This project is focusing on different methods to align three color channels and colorize some historical photos. These photos were taken with red, green and blue filters separately on glass plate. Thanks to this insightful Russian artist, Sergei Mikhailovich Prokudin-Gorskii, I digitalized and colorized some of his masterpieces to view the life in Russian Empire. The input data is a combined black-and-white image of three channels in order of B, G, R. After manipulation, the output is a relatively aligned color photo. I explored different metrics for accurate alignment. Moreover, I also want the alignment to be efficient for high-resolution images.

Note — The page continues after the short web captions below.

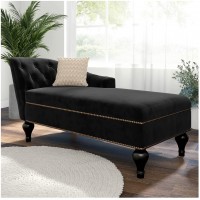 58" Tufted Black Velvet Chaise Lounge Accent Chair with Arm,Modern Floor Lounger Comfy Chair,Upholstered Indoor Sleeper Sofa Chair for Bedroom,Living room 41.2 Black-T2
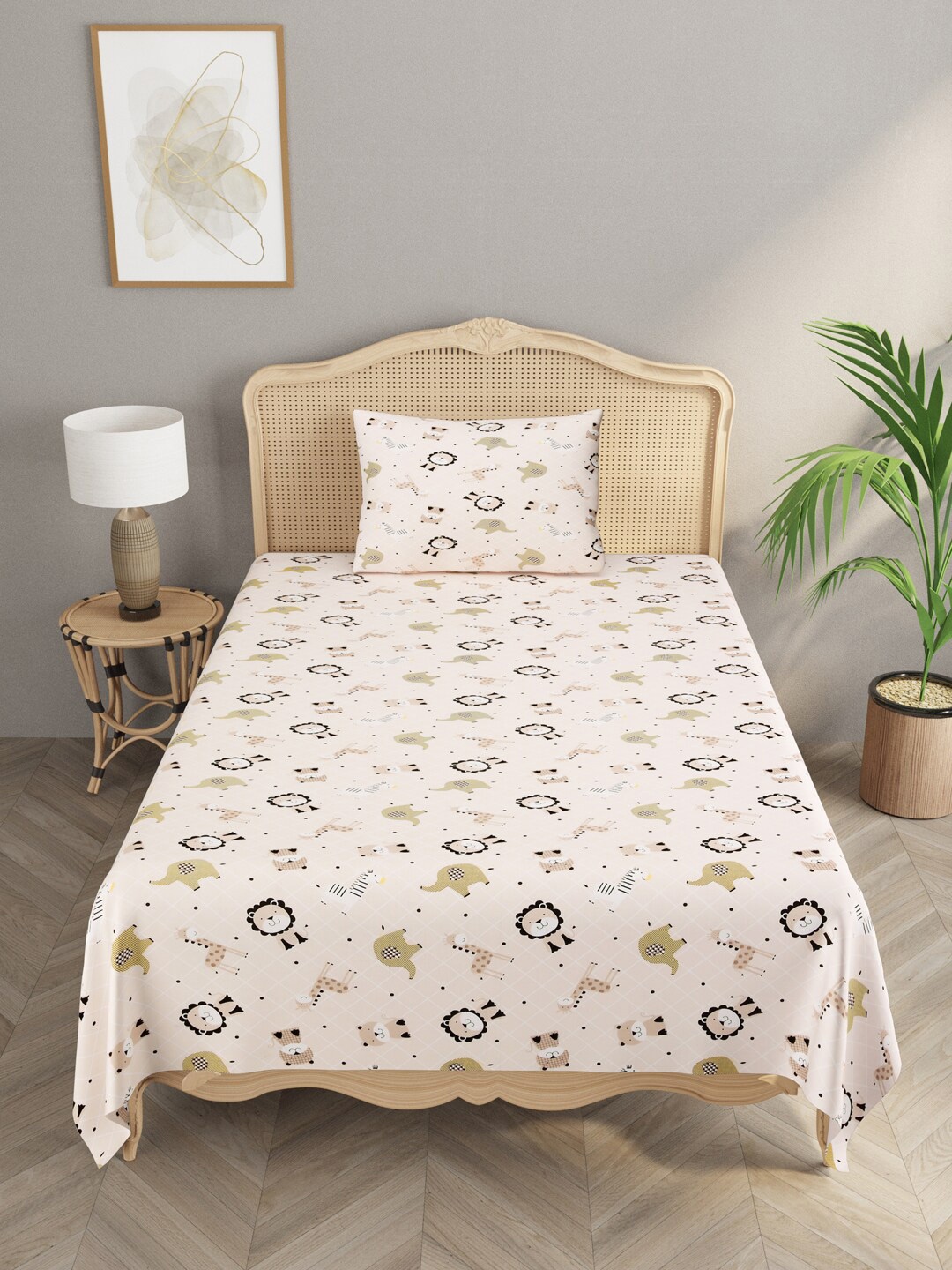 

Gulaab Jaipur Cream-Coloured & Black Graphic 210 TC Single Bedsheet with 1 Pillow Covers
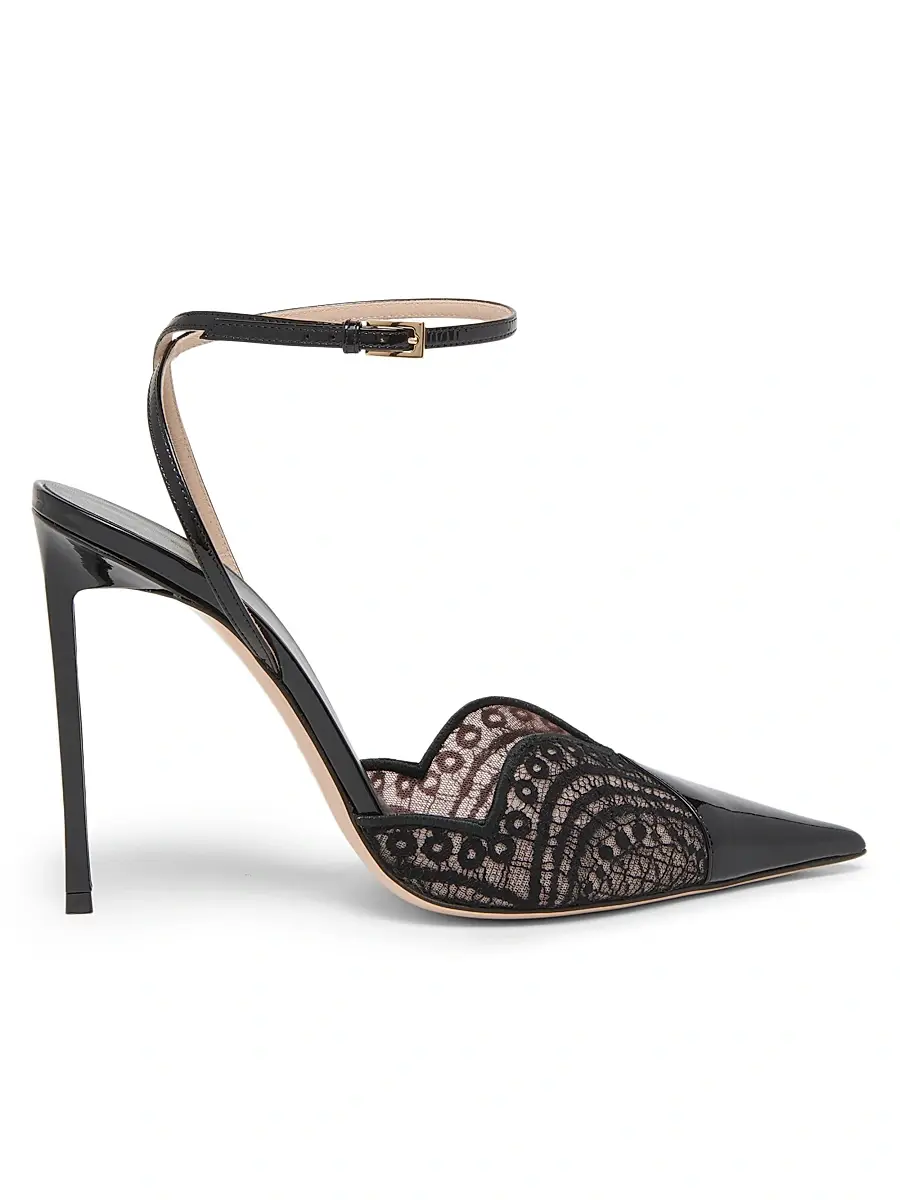 Tom Ford Women's 105MM Patent Leather & Lace Pumps - Black - Size 10.5 | Image 1 Tom Ford Women's 105MM Patent Leather & Lace Pumps - Black - Size 10.5 | Image 1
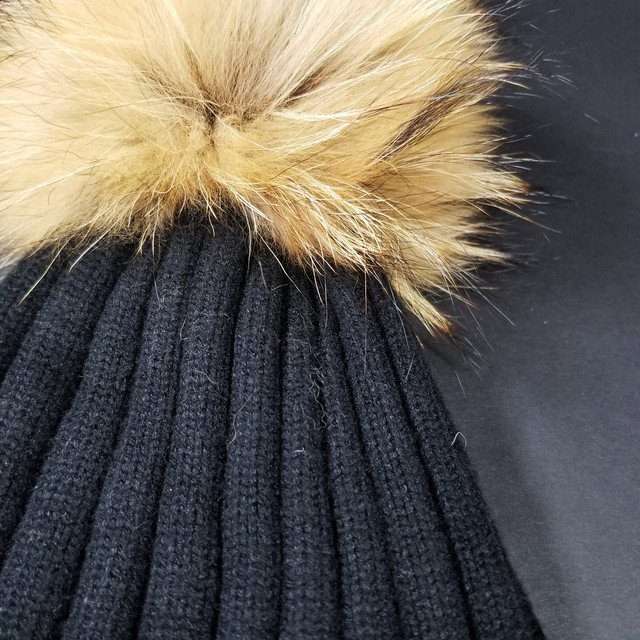 Sage's Cap - Black Wool Beanie with Raccoon Pompom image 15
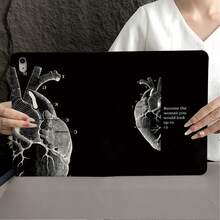1件黑色背景復古人體心臟解剖圖案平板保護殼，附筆槽，相容 iPad 10代 Smart Case/Air 13(M3 2025)/Air 11/11(A16 2025)，相容 OPPO Pad，相容 MatePad，相容 Vivo Pad，相容 Honor Pad，相容 Xiaoxin Pad - 彩色 - 查看 10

Before utilizing any metrics to align three channels, I first read the combined three-channel image divide and simply stack the three channels. The effects are not ideal as we can see the faces are not properly aligned. The image thus looks very blurry. The original input data roughly has two types of size. The small images are in jpge format and a single channel has a dimension about 400px by 400px. The large are in tiff format and a single channel has about 4000px by 4000px! See the pictures Monastery (small), Harvesters (large) and , Emir (large):
p.s. though not accurate I enjoy some aesthetic of such naive alignment to add another flavor for documentary photos
Since the pixel value in each channel implies the brightness, to align three channels by fixing one channel and move around two other channels to match the brightness information should be expected to produce more accurate alignment. Therefore, we need to come up with estimation to quantify the "brightness matchness". I mainly implemented two metrics for the evaluation, SSD and NCC.
1. Sum of Squared Differences (SSD) DistanceSSD is L2 norm which computes the sum(sum((image1 - image2)^2)). The intuition here is to acquire SSD as low as possible so that image 1 and 2 are indeed very close to each other.
2. Normalized Cross-Correlation (NCC)NCC computes the dot product between two normalized vectors, namely, image1/||image1|| and image2/||image2||. When using NCC, we have to maximize the score because the closeness implied from a larger the product.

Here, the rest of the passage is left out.